Будет досуг -- с удовольствием поделюсь впечатлениями о новых людях, пришедших к нам, о новых настроениях, создавшихся в театре, о новой жизни, начавшейся в Художественном театре.
МОЙ ВТОРОЙ УНИВЕРСИТЕТ
{Печатается по рукописи, хранящейся в архиве В. И. Качалова, с добавлением текста, которым В. И. дополнил эту статью для "Красной газеты" (14 сентября 1932 г., вечерний выпуск).}
Когда я был виленским гимназистом, когда я медленно, но все-таки верно подходил к окончанию гимназии -- это был конец 80-х -- начало 90-х годов, -- я не только мечтал, но уже и решил в душе отдать свою жизнь искусству. Театр уже тогда пленял мое воображение, владел всем моим существом. Помню, как горел желанием окончить опостылевшую гимназию и попасть скорее в Москву, в Московский университет, чтобы поскорее увидеть Малый театр, либо в Петербург, -- чтобы увидеть Александрийский театр. Старшие мои товарищи по гимназии, раньше меня попавшие в университет, рассказывали мне, возвращаясь на каникулы в Вильну, одни -- про московский Малый театр, другие -- про петербургский Александрийский. Оба эти театра тогда славились. С замиранием сердца я прислушивался к горячим спорам юных театралов о том, какой из этих двух театров лучше. Споры были горячие, "москвичи" горой стояли за свой Малый театр, а "питерцы" -- за свой Александрийский, но никто никого убедить не мог, тем более, что "москвичи" не знали Александрийского, а "питерцы" -- Малого театра.
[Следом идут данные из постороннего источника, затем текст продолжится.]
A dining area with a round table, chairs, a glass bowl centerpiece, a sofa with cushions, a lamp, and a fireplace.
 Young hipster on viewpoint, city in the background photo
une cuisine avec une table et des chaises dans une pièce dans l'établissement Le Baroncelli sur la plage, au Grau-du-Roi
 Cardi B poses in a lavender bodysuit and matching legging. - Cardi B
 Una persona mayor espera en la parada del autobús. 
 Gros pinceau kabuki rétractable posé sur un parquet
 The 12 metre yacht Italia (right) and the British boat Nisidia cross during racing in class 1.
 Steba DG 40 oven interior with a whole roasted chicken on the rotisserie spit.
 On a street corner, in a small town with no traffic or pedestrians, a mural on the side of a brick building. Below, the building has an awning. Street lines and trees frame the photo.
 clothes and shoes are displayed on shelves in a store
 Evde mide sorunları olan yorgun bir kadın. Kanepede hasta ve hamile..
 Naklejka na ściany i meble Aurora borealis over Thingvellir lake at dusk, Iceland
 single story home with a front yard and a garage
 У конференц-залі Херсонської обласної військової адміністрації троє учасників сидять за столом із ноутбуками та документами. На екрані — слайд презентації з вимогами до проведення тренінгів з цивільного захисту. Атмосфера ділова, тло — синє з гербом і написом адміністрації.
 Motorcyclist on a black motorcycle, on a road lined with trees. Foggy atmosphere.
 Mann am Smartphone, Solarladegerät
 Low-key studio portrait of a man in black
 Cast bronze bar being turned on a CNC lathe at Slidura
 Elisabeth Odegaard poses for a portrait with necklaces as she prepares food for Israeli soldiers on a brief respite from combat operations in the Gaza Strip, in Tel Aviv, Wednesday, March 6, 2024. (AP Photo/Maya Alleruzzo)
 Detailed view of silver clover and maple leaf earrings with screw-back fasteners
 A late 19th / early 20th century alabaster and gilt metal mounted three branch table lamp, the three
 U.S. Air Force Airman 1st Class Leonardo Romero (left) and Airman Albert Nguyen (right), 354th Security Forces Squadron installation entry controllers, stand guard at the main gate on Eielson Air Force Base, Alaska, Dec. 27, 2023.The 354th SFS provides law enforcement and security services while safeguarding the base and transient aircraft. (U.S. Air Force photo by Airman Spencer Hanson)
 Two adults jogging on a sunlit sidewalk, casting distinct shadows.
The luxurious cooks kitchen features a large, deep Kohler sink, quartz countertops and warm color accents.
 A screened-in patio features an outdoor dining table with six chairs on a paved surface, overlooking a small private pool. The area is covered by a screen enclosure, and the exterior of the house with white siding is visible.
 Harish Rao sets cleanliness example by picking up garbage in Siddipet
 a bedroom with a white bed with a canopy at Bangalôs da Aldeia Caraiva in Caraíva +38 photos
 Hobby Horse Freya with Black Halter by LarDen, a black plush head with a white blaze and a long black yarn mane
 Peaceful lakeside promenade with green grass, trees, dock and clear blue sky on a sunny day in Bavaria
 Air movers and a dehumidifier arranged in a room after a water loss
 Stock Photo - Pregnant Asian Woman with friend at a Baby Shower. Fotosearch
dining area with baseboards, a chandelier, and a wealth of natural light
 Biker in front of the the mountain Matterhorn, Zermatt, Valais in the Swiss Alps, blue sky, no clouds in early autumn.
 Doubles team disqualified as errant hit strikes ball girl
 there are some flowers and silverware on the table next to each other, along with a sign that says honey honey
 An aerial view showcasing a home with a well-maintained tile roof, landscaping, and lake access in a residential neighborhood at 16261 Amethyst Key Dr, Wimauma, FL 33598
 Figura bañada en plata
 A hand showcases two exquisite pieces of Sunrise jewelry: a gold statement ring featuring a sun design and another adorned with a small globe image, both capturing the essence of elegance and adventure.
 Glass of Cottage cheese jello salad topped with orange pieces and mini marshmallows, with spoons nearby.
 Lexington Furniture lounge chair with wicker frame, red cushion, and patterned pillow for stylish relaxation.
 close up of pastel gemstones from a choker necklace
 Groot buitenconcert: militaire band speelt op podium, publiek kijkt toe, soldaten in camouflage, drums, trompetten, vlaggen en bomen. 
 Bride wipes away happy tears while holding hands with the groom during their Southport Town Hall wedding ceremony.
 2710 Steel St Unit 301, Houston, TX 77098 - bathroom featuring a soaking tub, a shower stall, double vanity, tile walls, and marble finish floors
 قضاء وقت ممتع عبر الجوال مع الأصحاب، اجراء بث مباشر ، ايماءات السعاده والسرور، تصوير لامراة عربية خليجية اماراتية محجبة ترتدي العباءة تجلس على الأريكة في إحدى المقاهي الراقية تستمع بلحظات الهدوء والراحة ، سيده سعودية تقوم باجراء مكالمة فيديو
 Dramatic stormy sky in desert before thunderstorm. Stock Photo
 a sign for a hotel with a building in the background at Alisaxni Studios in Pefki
Случилось так, что я попал в Петербургский университет. И ехал я в Петербург, так и не решив для себя, какой из этих двух театров лучше, но, конечно, волнуясь и предвкушая радость увидеть, во всяком случае, знаменитый Александрийский театр.
Это было осенью 1893 года. Я сидел на галерке, купивши билет за 32 копейки. Место было отличное, посредине, все было видно и слышно. Шла комедия Островского "Правда -- хорошо, а счастье лучше". Впечатление было радостное, огромное, врезавшееся в память на всю жизнь. Варламов, Давыдов, Савина в этом спектакле стоят передо мной и сейчас, как живые. Вот уже почти сорок лет прошло, а многое из этого спектакля вижу и слышу сейчас. И с этого вечера я стал завсегдатаем галлереи Александрийского театра, и театр этот стал моим вторым университетом.